Uranium mining expansion facing delay, warns analyst
Tuesday March 17, 2009, 8:17 am
A resource analyst is warning the global financial crisis could force BHP Billiton to delay a planned expansion of the Olympic Dam mine in outback South Australia by at least two years.
He has told a conference in Adelaide that the uranium industry is enduring a major shake-out thanks to the downturn, but will survive.
Among an array of resources, Olympic Dam near Roxby Downs has the world’s largest known uranium deposit.
The SA Government has long heralded a massive expansion of the mine, saying it will underpin an economic boom.
But the financial crisis has already claimed 85 jobs at Olympic Dam and an expansion date of 2013 is not set in stone.
Resource analyst Warwick Grigor forecasts a delay.
“Olympic Dam is probably going to slip by at least two years in its timetable, if not longer,” he said.
EIS due soon
The SA Government insists the project will go ahead and is negotiating a new indenture agreement with BHP Billiton, ahead of the release of an environmental impact statement (EIS) in May.
Paul Heithersay, of Primary Industries and Resources SA, thinks the mine has a future despite the current downturn.
“Clearly nothing is going to touch Olympic Dam in terms of contained uranium and therefore exploring for more of the same seems a pretty good bet to me,” he said.
But a tough credit market and a 68 per cent plunge in ore prices is making life much tougher for the once red-hot uranium exploration industry.
Greg Hall, of Toro Energy, says there are still opportunities.
“While we’ve probably reduced the amount of exploration, we are still undertaking some very targeted exploration on significant potential projects,” he said.

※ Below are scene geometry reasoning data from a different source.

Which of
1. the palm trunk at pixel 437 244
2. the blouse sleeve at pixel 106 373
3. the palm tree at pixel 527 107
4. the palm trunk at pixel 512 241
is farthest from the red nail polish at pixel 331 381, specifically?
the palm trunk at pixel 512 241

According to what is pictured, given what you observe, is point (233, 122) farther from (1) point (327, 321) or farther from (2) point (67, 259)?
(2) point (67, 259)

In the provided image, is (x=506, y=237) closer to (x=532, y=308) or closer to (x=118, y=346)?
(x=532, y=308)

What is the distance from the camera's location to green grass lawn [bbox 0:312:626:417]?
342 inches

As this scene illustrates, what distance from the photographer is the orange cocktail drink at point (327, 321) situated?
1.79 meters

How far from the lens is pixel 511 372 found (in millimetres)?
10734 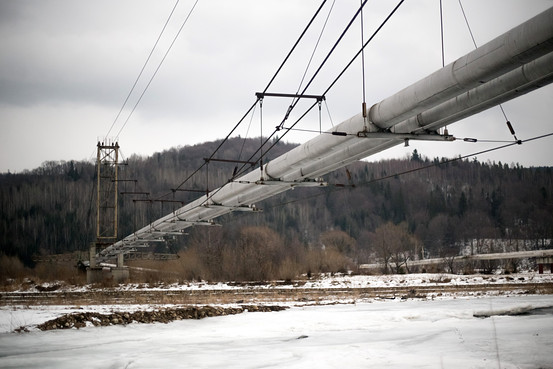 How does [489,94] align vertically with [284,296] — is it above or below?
above

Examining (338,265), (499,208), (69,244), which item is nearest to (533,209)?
(499,208)

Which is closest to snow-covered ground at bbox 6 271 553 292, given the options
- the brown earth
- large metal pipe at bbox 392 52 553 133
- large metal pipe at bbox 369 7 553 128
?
the brown earth

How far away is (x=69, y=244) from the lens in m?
123

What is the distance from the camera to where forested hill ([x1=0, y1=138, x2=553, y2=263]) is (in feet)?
405

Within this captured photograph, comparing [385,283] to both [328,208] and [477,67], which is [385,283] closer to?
[477,67]

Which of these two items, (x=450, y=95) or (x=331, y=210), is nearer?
(x=450, y=95)

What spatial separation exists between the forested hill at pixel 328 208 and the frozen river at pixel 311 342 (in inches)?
3150

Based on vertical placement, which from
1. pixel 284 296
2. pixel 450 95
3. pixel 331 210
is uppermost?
pixel 331 210

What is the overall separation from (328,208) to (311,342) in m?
169

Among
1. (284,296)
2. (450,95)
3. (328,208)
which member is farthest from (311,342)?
(328,208)

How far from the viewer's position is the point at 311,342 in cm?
1127

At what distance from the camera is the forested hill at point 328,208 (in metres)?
123

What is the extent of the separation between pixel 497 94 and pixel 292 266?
4013 centimetres

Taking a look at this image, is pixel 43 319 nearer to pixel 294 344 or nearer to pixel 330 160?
pixel 294 344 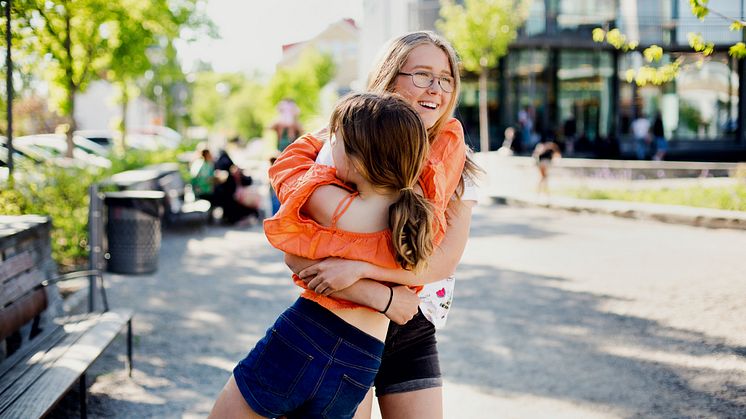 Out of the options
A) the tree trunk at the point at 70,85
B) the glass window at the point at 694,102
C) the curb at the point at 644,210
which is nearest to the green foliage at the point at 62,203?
the tree trunk at the point at 70,85

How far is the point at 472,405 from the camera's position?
484cm

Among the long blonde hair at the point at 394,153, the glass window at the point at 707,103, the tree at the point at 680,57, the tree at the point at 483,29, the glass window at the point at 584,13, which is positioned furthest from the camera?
the glass window at the point at 707,103

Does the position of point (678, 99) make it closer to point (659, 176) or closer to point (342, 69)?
point (659, 176)

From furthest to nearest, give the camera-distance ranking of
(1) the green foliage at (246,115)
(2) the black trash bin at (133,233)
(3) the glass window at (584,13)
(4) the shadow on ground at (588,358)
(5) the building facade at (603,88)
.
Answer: (1) the green foliage at (246,115), (3) the glass window at (584,13), (5) the building facade at (603,88), (2) the black trash bin at (133,233), (4) the shadow on ground at (588,358)

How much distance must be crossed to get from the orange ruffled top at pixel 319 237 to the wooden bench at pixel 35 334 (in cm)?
182

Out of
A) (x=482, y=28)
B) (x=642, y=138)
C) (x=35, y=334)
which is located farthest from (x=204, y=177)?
(x=642, y=138)

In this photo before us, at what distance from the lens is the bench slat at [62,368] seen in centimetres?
352

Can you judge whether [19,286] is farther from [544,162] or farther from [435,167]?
[544,162]

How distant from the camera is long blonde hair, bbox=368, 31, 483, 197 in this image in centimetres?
256

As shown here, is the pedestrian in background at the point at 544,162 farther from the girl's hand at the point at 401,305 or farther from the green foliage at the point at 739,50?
the girl's hand at the point at 401,305

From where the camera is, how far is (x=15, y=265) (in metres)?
4.74

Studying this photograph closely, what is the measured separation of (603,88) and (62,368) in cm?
3514

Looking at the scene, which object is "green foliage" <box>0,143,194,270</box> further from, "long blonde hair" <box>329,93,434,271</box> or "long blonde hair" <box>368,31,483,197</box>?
"long blonde hair" <box>329,93,434,271</box>

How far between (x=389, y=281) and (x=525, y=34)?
1287 inches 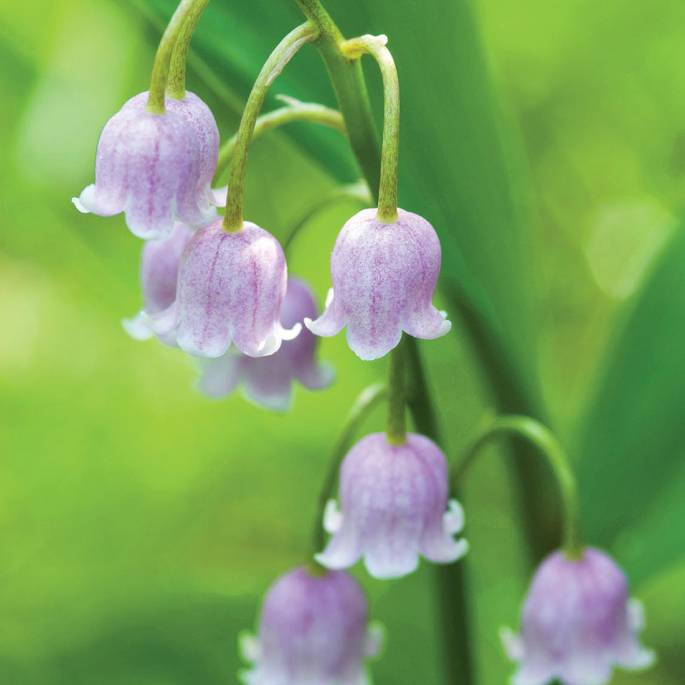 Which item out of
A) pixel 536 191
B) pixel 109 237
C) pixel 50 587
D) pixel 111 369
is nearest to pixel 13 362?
pixel 111 369

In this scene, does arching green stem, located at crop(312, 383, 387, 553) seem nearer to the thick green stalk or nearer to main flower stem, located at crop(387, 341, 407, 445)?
main flower stem, located at crop(387, 341, 407, 445)

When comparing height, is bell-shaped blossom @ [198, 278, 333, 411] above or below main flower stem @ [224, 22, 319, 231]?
above

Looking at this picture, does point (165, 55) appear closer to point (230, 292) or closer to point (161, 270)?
point (230, 292)

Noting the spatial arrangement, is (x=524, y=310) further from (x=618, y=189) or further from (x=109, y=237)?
(x=618, y=189)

Michael Angwin, of the Australian Uranium Association, thinks the industry will ride out the tough time.
“The increase in demand for nuclear power over the next 20 years or so will be between 50 and 100 per cent and Australia, with 40 per cent of the world’s low-cost uranium resources, is well-placed to meet that demand,” he said.
He says demand will be fuelled by a move towards low-carbon energy.